Épaisseur de la calotte glaciaire
La Terre baigne dans un déluge de lumière : un torrent impétueux de photons – une moyenne de 342 joules à la seconde par mètre carré. Il faut 4 185 joules pour élever d’un degré la température d’un kilogramme d’eau. Si l’atmosphère de la Terre captait toute cette énergie, la température du globe s’élèverait de dix degrés en une journée.
Par bonheur, une forte proportion de cette énergie est renvoyée dans l’espace, en fonction de l’albédo – ou réflexivité – et de la composition chimique de l’atmosphère, qui sont eux-mêmes variables.
Une bonne partie de l’albédo de la Terre est fournie par les calottes polaires. Si la glace et la neige des pôles devaient se restreindre de façon significative, une partie plus importante de l’énergie solaire resterait piégée sur Terre. Le soleil pénétrerait dans des océans jusque-là recouverts de glace et réchaufferait l’eau. Ce qui – amorçant une boucle de rétroaction positive – aurait pour effet d’élever encore la température et de faire fondre encore davantage de glace.

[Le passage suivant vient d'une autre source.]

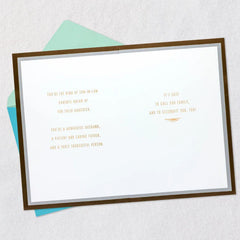 Easy to Call You Family Birthday Card for Son-in-Law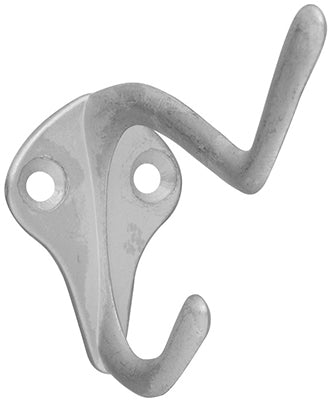 N830-161 Coat & Hat Hook, Polished Brass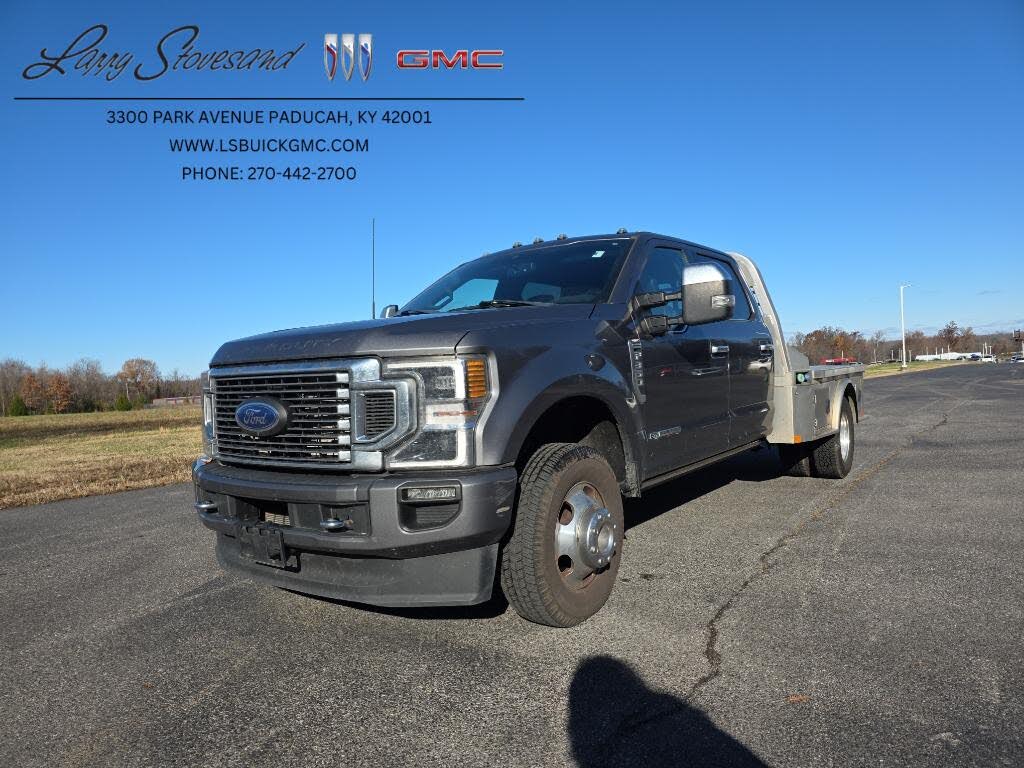 2022 Ford F-350 Super Duty Platinum Crew Cab LB DRW 4WD
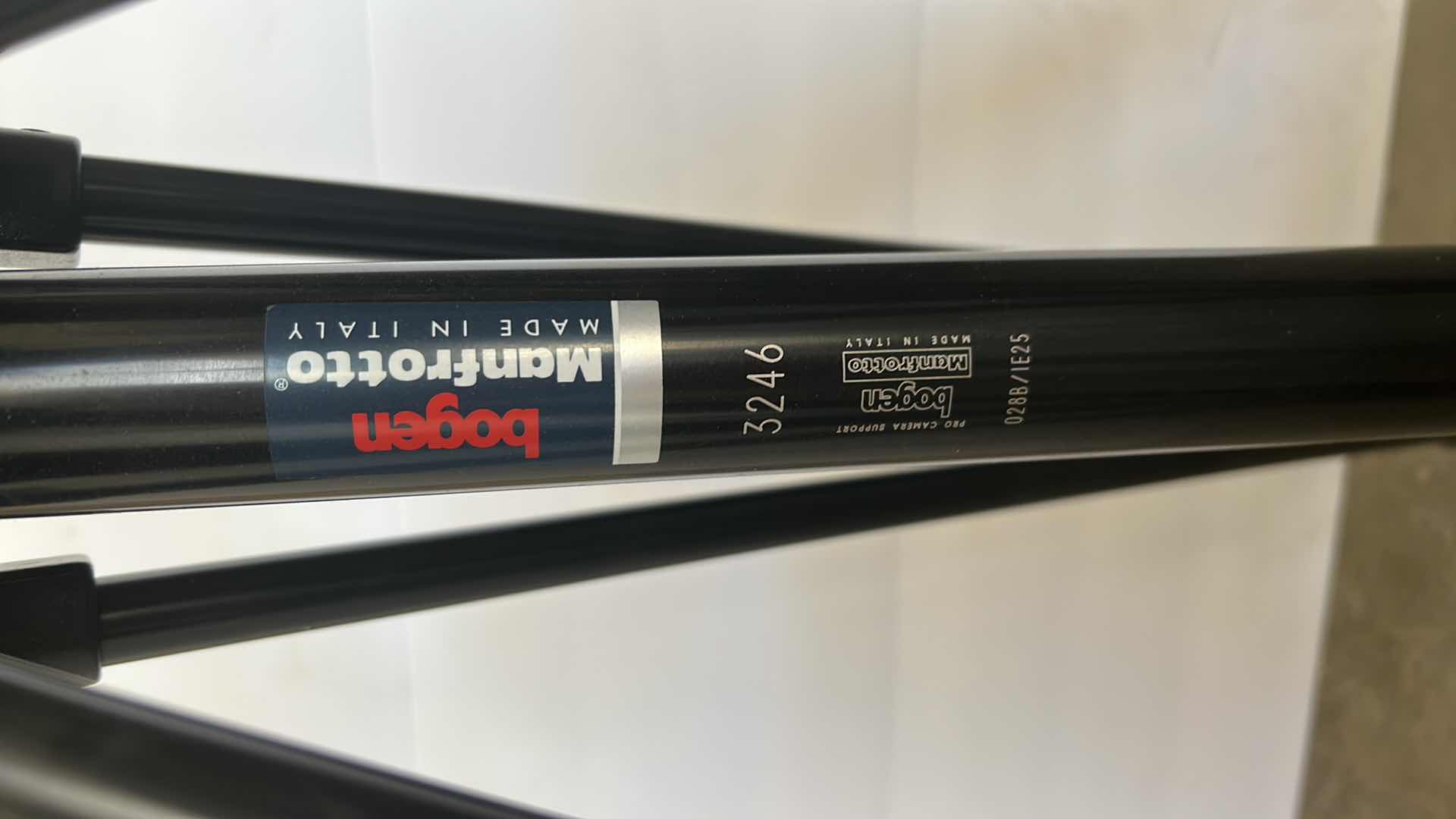 Photo 1 of BOGEN MANFROTTO MADE IN ITALY TRIPOD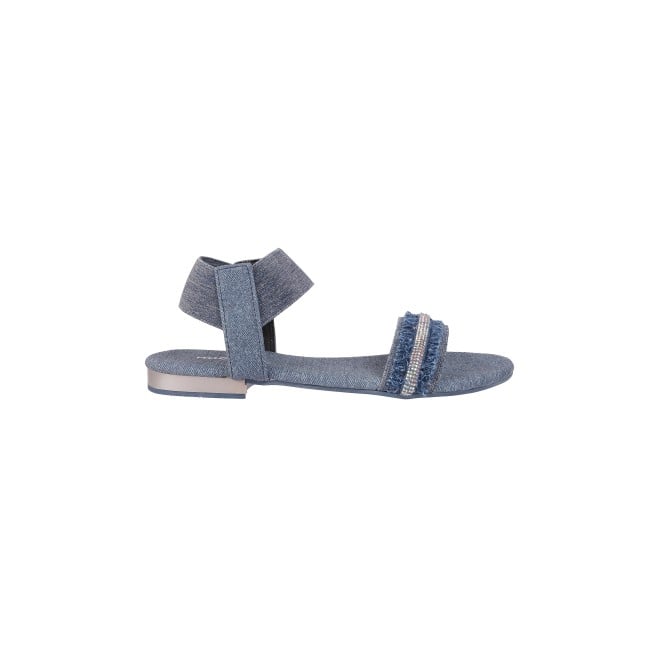 Mochi Women Blue Casual Sandals (SKU: 33-928-45-36)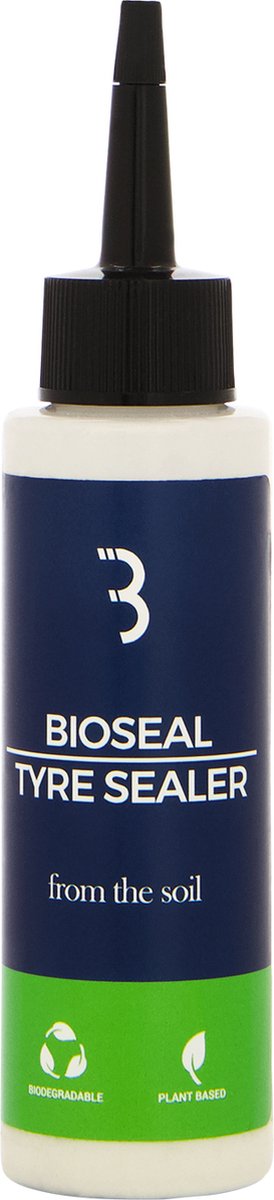 Bioseal sigillante tubeless per ciclismo Bbb – biodegradabile – sigillante per pneumatici – 80ml – bti-180
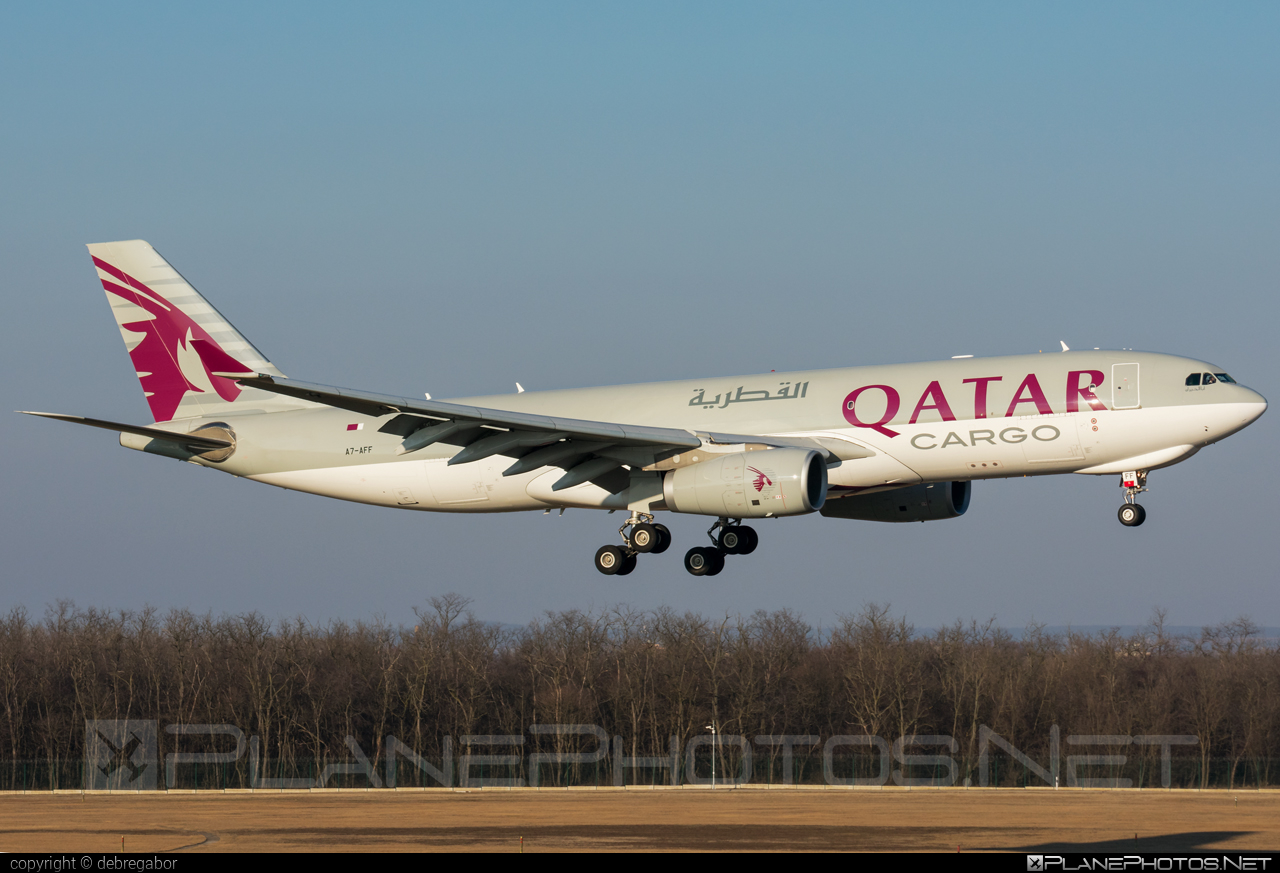 Airbus A330-243F - A7-AFF operated by Qatar Airways Cargo #a330 #a330f #a330family #airbus #airbus330 #qatarairwayscargo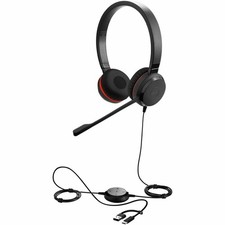 Jabra Evolve 20SE - USB-C/A, UC Stereo picture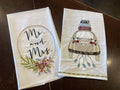 Wedding Tea Towel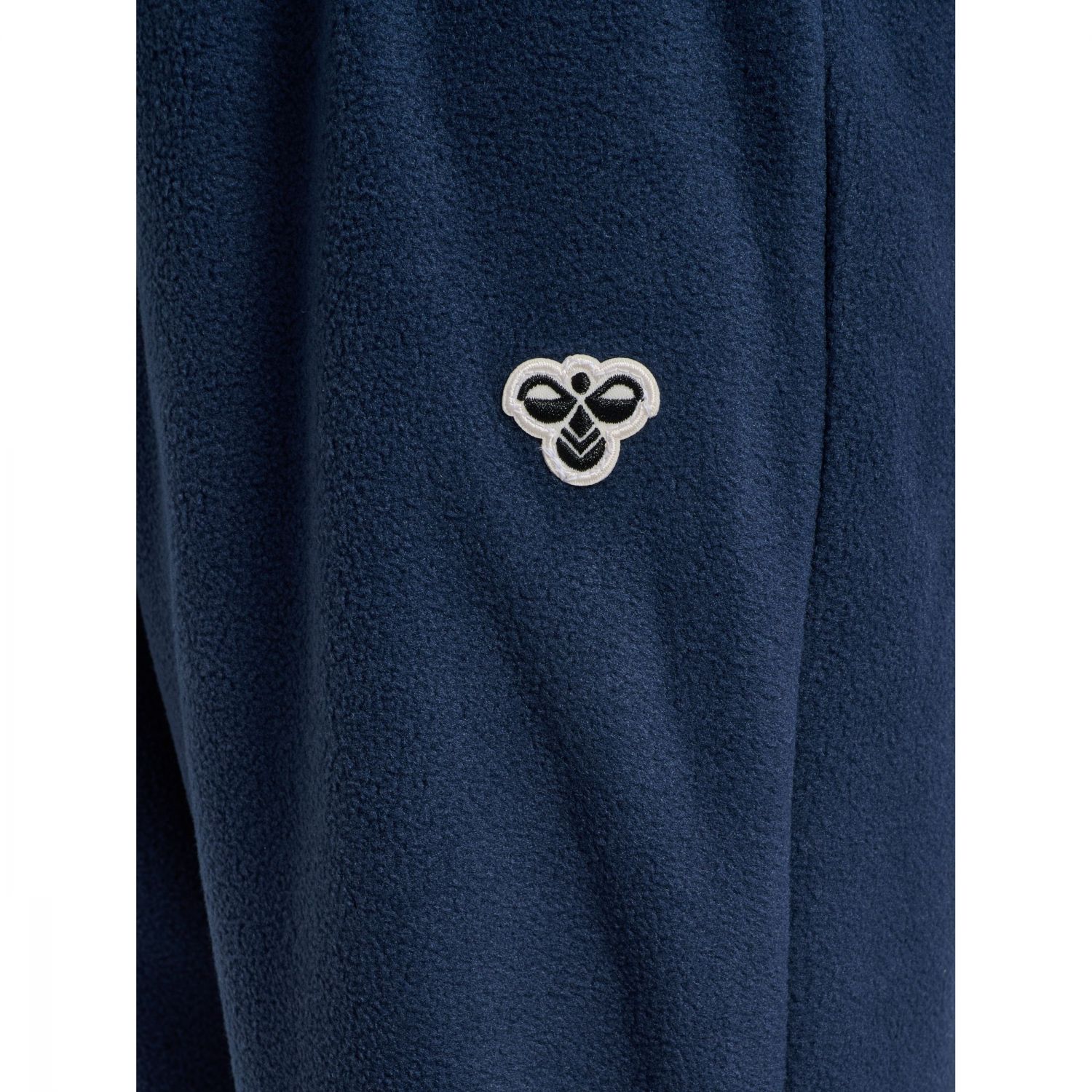 Hummel hmlJR Fleece Pants BEE, Fleecebukser, Junior, Mörkbrun
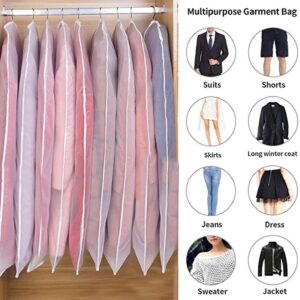 Top-Clothes-Hanging-Garment-Dress-Clothes-Suit-Coat-Dust-Cover-Home-Storage-Bag-Pouch-Case-Organizer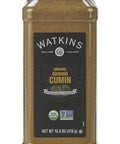 Watkins Gourmet Spice, Organic Garlic Powder, 22.0 oz. Bottle (21808)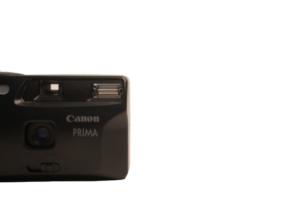 Canon Prima Junior Hi 35mm Film Camera - Image 2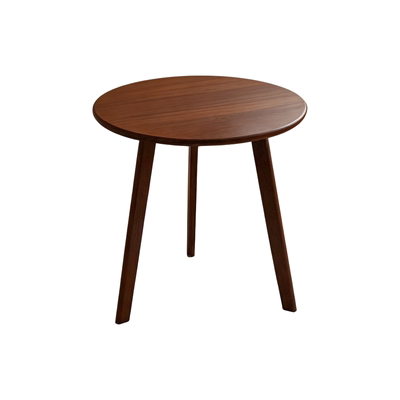 圆桌子休闲阳台角几沙发旁边实木边几客厅家用简约小户型茶几餐桌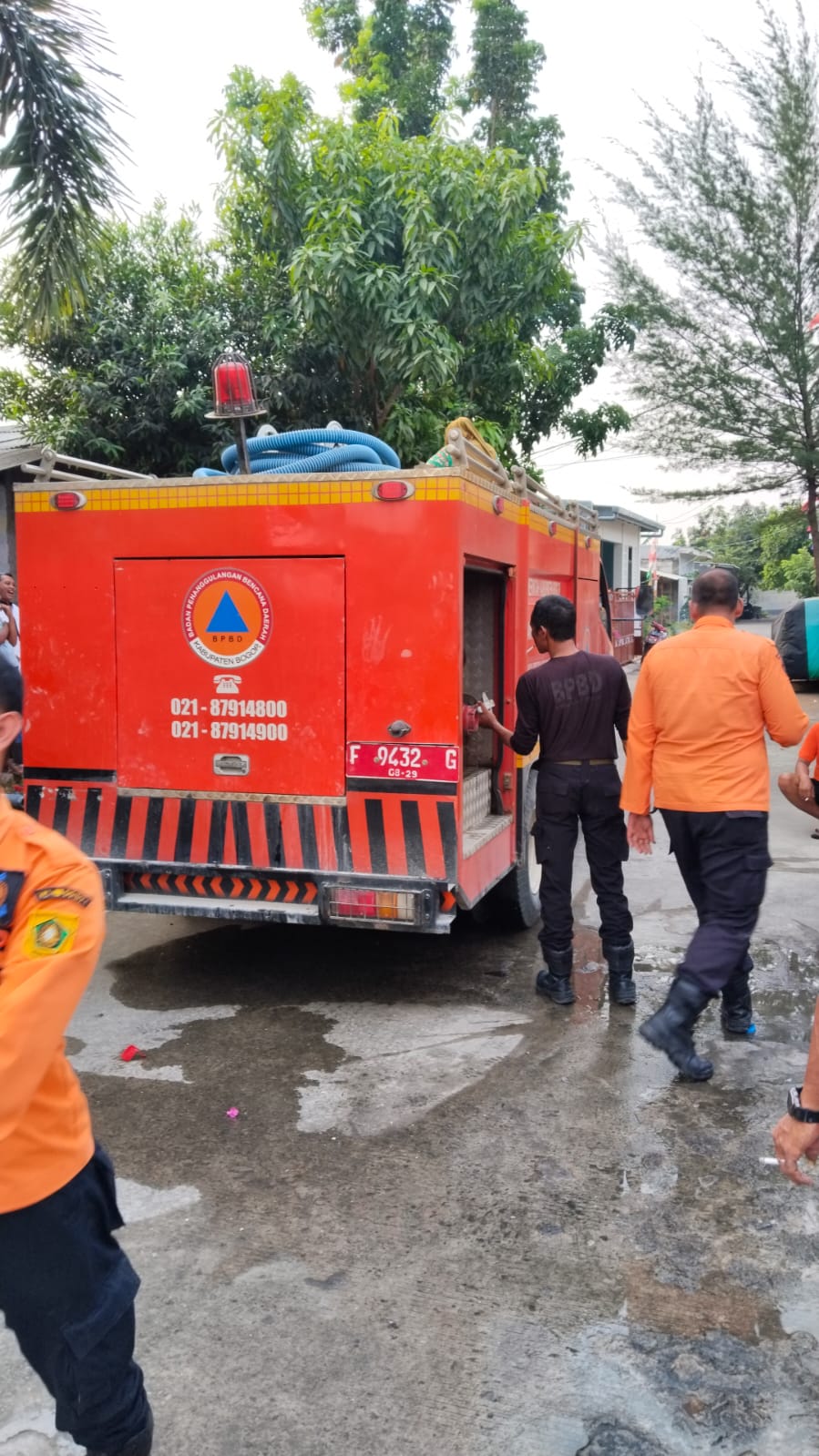 Bantuan air bersih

La glace compactée de l’océan Arctique renvoie dans l’espace un pourcentage non négligeable de l’afflux total d’énergie solaire. Quand les sous-marins nucléaires ont commencé à mesurer l’épaisseur de la calotte glaciaire de l’océan Arctique, dans les années 1950, elle était d’un peu plus de neuf mètres en moyenne au cœur de l’hiver. À la fin du siècle, elle n’était plus que de la moitié : quatre mètres cinquante.
L’eau des océans circule selon des schémas de recyclage réguliers, déterminés par la force de Coriolis et par la position des continents.
Les courants de surface peuvent se déplacer en sens inverse des courants de fond, et c’est même souvent le cas, ce qui forme des systèmes un peu semblables à des tapis roulants géants. Le plus grand est déjà célèbre, sur une partie, du moins : le Gulf Stream est un segment d’un courant de surface chaud qui remonte tout le long de l’Atlantique vers le nord, jusqu’en Norvège et au Groenland. Là, l’eau se refroidit, retombe au fond et entreprend un long voyage vers le sud sur le plancher de l’océan Atlantique, jusqu’au cap de Bonne-Espérance puis vers l’Australie, à l’est, après quoi elle remonte dans le Pacifique, où elle rejoint le courant de surface, retourne vers l’Atlantique et entame un nouveau périple vers le nord. Le circuit d’une molécule d’eau s’effectue en un millier d’années environ.
En se refroidissant, l’eau salée tombe plus facilement vers le fond que l’eau douce. Les vents dominants chassent vers l’ouest, par-dessus l’Amérique centrale, les nuages nés dans le golfe du Mexique, qui libèrent leurs eaux dans le Pacifique, de sorte que la salinité de l’eau qui reste dans l’Atlantique s’accroît. L’eau qui se refroidit dans l’Atlantique Nord tombe donc facilement vers le fond, ajoutant à la puissance du Gulf Stream. Si les eaux de surface de l’Atlantique Nord devaient se radoucir rapidement, elles s’enfonceraient moins facilement en se refroidissant, ce qui ralentirait tout le tapis roulant. Le Gulf Stream, n’ayant nulle part où aller, ralentirait et s’enfoncerait davantage au sud. Le climat changerait partout, deviendrait plus venteux et plus sec dans l’hémisphère Nord, plus froid par endroits, surtout en Europe.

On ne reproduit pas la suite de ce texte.